Your assignment: Please copy out the entries below exactly, beginning with the line that contains "Leaf-Illustration-03" and ending with the line that contains "Frischer Flunderkadaver", and include nothing outside that span.

Entries provided:
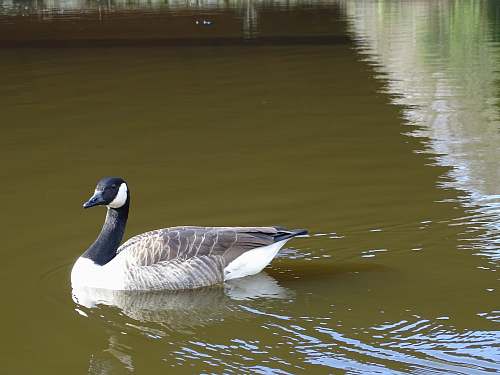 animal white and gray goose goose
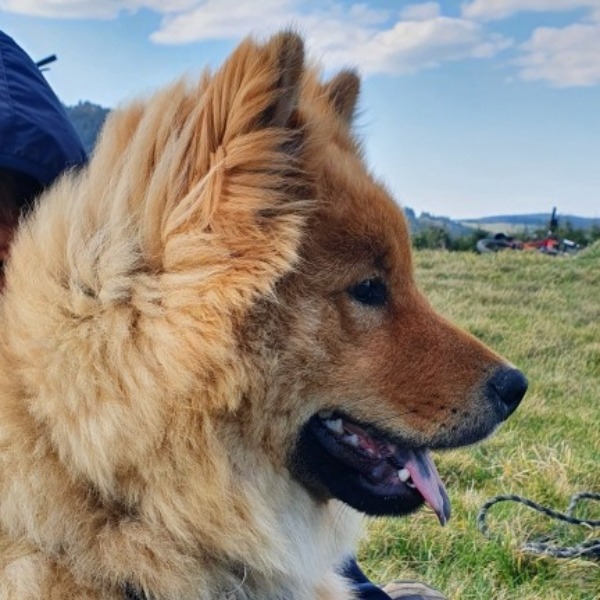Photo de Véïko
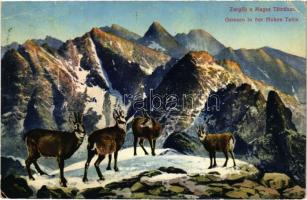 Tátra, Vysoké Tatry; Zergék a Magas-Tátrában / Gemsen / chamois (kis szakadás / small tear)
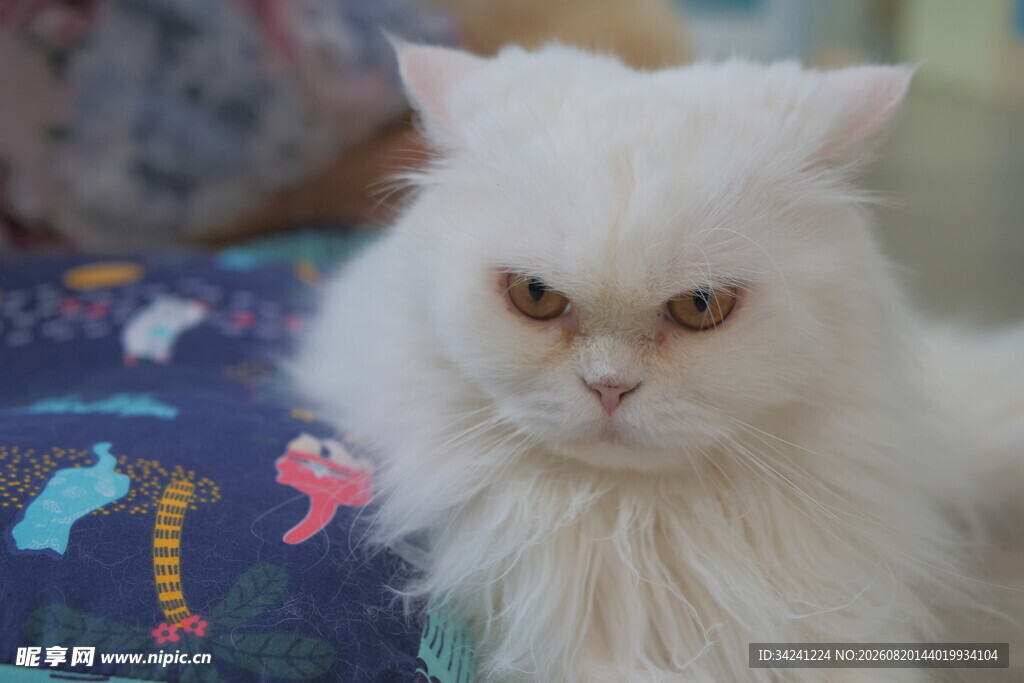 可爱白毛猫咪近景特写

...

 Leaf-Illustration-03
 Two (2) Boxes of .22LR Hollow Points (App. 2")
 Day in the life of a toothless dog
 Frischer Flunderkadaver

--

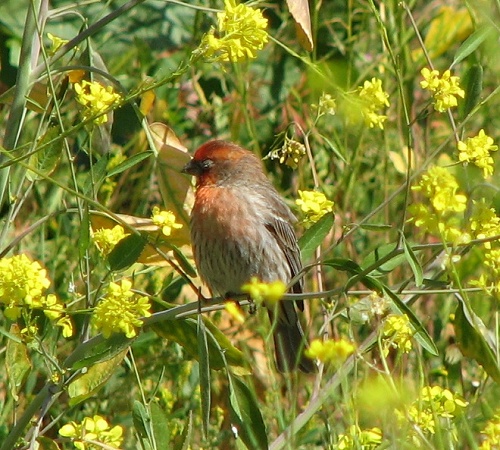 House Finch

Result of the task:
 Leaf-Illustration-03
 Two (2) Boxes of .22LR Hollow Points (App. 2")
 Day in the life of a toothless dog
 Frischer Flunderkadaver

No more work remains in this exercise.